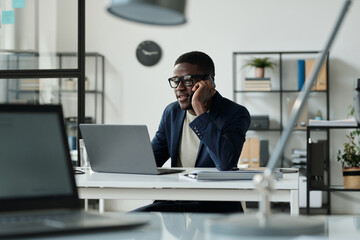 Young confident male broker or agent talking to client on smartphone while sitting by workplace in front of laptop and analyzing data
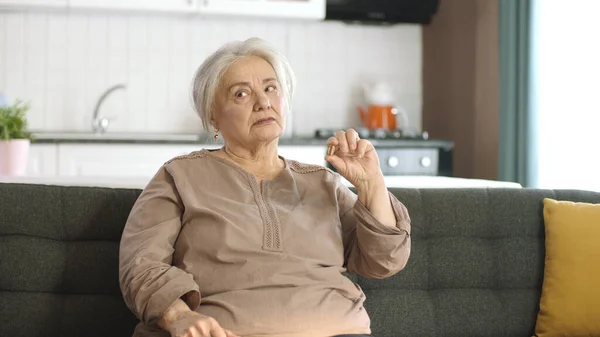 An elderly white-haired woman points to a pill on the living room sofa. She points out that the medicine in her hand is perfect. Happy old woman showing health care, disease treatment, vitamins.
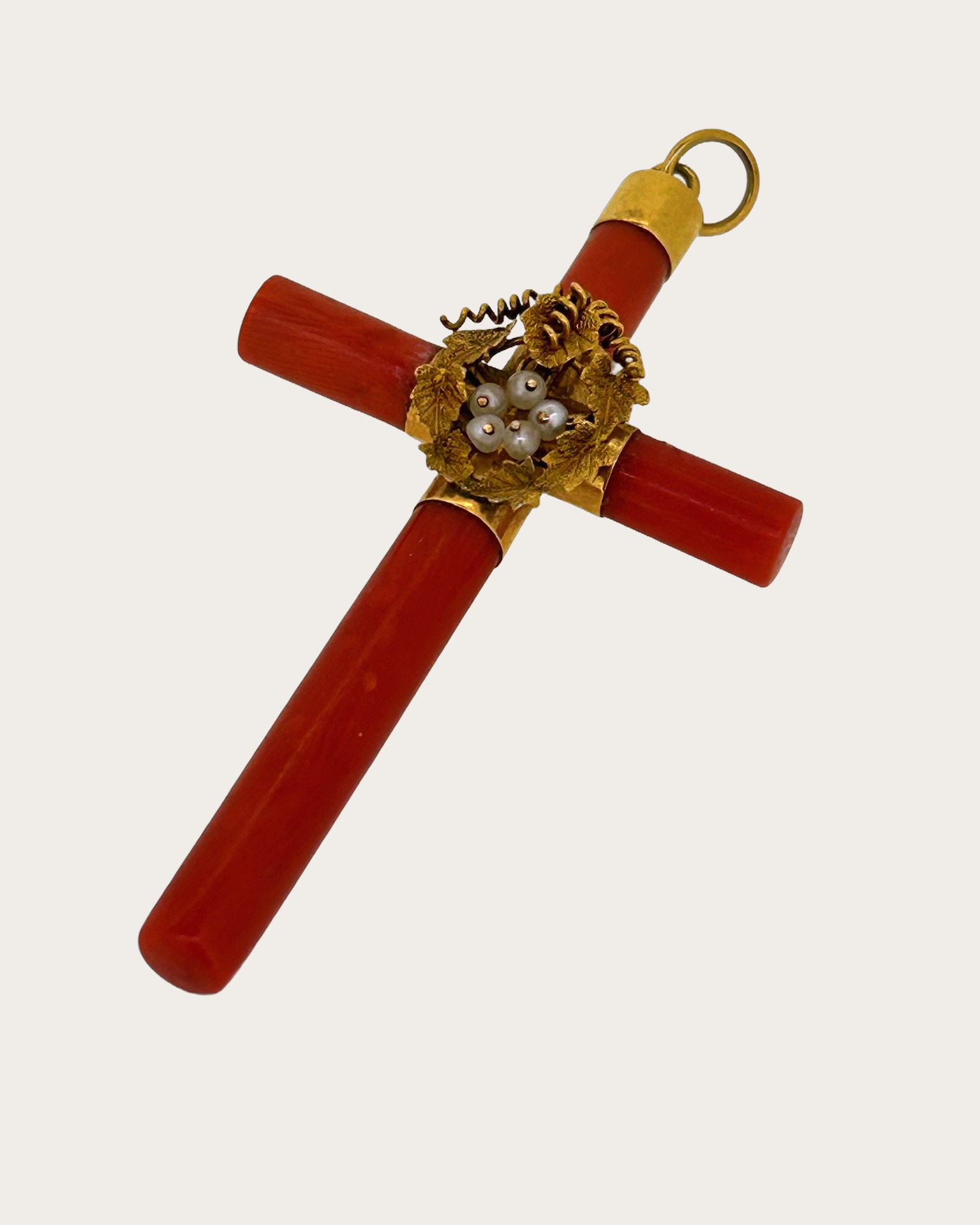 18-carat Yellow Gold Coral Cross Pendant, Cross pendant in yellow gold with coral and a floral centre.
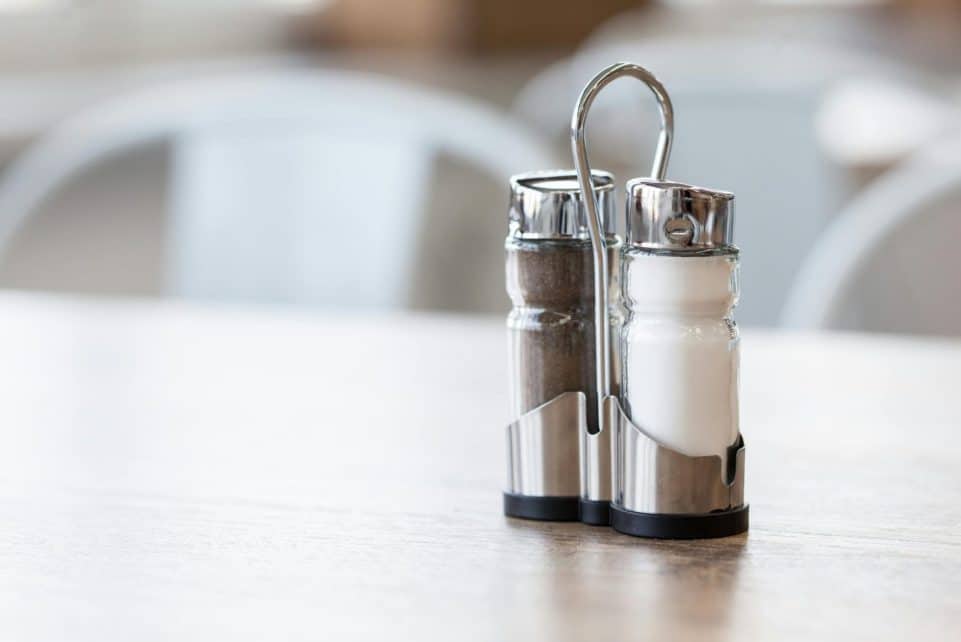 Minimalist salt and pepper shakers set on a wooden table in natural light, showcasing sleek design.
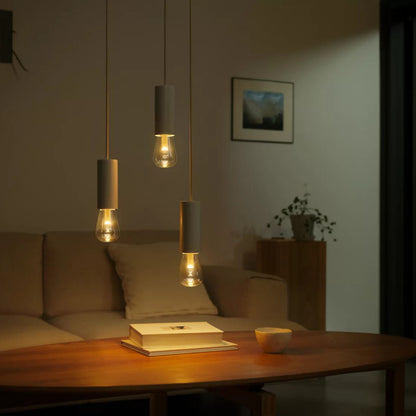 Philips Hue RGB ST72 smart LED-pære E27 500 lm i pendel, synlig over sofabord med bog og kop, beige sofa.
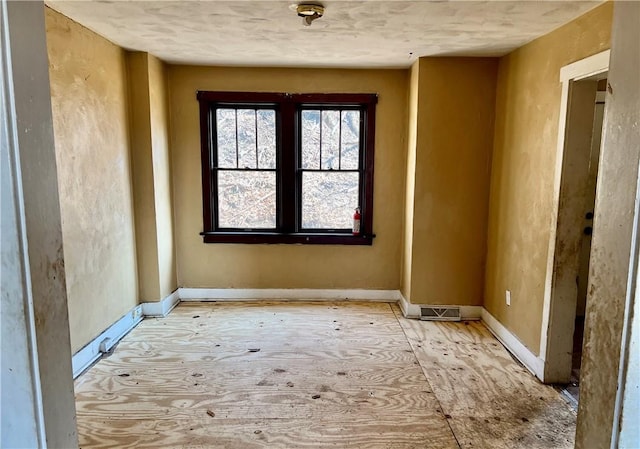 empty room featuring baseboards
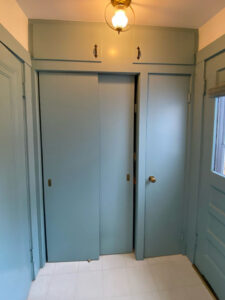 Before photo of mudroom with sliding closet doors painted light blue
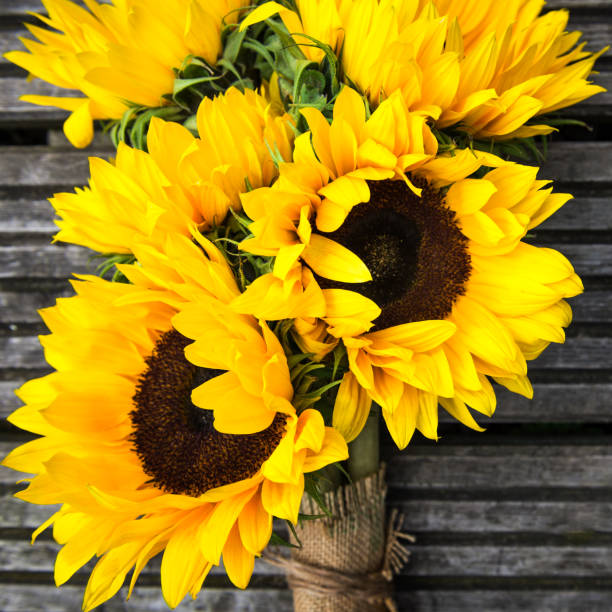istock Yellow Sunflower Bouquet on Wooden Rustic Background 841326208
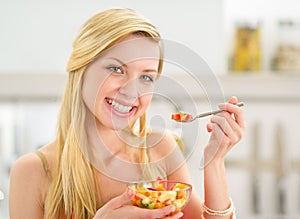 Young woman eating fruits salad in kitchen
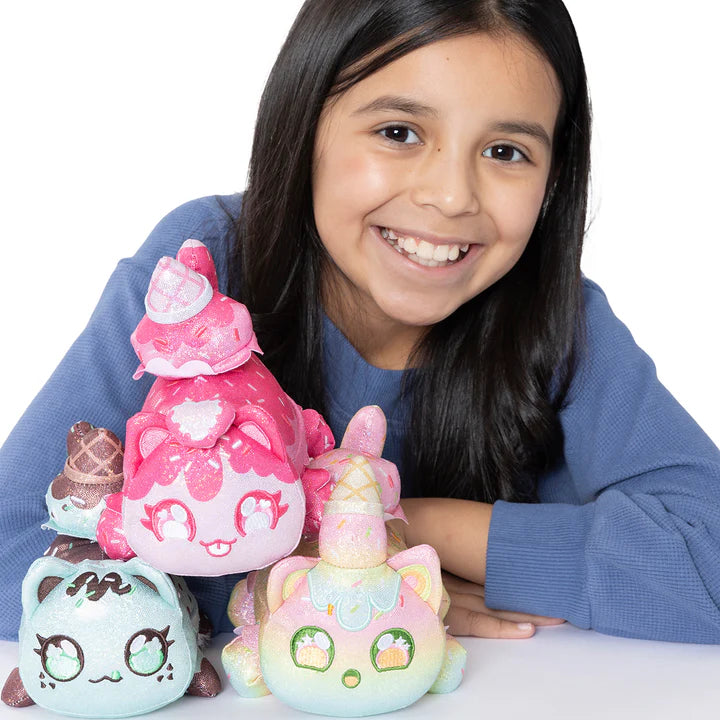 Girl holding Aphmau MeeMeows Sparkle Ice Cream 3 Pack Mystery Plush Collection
----
WORK INSTRUCTION
Leave out the pictures and copy the rest of the material above exactly.

EXPECTED ANSWER
 Young confident male broker or agent talking to client on smartphone while sitting by workplace in front of laptop and analyzing data
 An elderly white-haired woman points to a pill on the living room sofa. She points out that the medicine in her hand is perfect. Happy old woman showing health care, disease treatment, vitamins.
 18-carat Yellow Gold Coral Cross Pendant, Cross pendant in yellow gold with coral and a floral centre.
 Minimalist salt and pepper shakers set on a wooden table in natural light, showcasing sleek design.
 Philips Hue RGB ST72 smart LED-pære E27 500 lm i pendel, synlig over sofabord med bog og kop, beige sofa.
 empty room featuring baseboards
 Before photo of mudroom with sliding closet doors painted light blue
istock Yellow Sunflower Bouquet on Wooden Rustic Background 841326208
 Young woman eating fruits salad in kitchen
 Girl holding Aphmau MeeMeows Sparkle Ice Cream 3 Pack Mystery Plush Collection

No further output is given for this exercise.